# Can I use reptile wood in a fish tank?



## rebel2004nay (Dec 3, 2008)

At my local LFS, they have a big mixed pile of wood. There is this one piece that is particularly awesome. It is large, fairly light in color, and it is all twisty. However, it is intended for use in a reptile tank.

Could a piece of wood like this go in a fish tank? I am willing to soak it in water for a while if necessary. Would it decompose quickly or stay together for a while?

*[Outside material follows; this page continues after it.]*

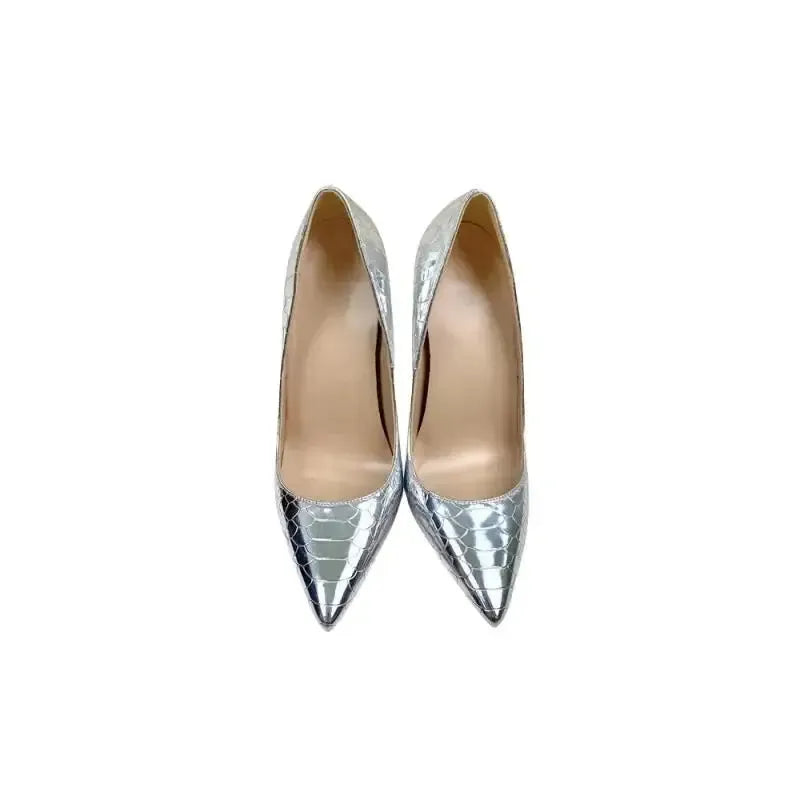 Silver Snake Skin Pattern High Heels Stiletto Shoes-5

I wish I could tell you more about it. I don't know what kind of wood it is and I don't have a pic...in fact, I am about a 4 hour drive away from my LFS right now (visiting family for the holidays).


----------



## ictoae (May 17, 2008)

I've had a piece in my tank for over a year now that I stole from a snake cage at a LFS. It took about 4-5 months before my tank stopped looking like iced tea (tanins), but it still looks good, my bristlenose and acei are always picking at it but they don't really seem to be damaging it noticeably.


----------



## tawbrey863 (Nov 21, 2008)

Im actually soaking a piece of wood right now..lol. The thing I would worry about, is will it sink? Uusally wood made special for fish tank is a very dense wood. If you got it, you would of course half to soak it for a few weeks, but if it doesnt sink, you could hold it down with something... :thumb:


----------



## rebel2004nay (Dec 3, 2008)

Well I do have a piece of slate that I could silicon to the bottom of it, if I decide to buy it. That might work.


----------



## ed lemmon (Feb 14, 2003)

Better make sure that it has never been used in a reptile tank. It'll kill your fish if you don't bleach it. Some LPS's will display wood that is for sale in a display tank, sell the reptile on display and possibly use the tank for a different specemin and return the wood to the shelf. :roll:


----------



## CalvusCali (Jan 3, 2009)

It takes a long time to soak, i found it easier depending on size to boil it, then soak it, soak time is shorter and it wont make the water as acidic.


----------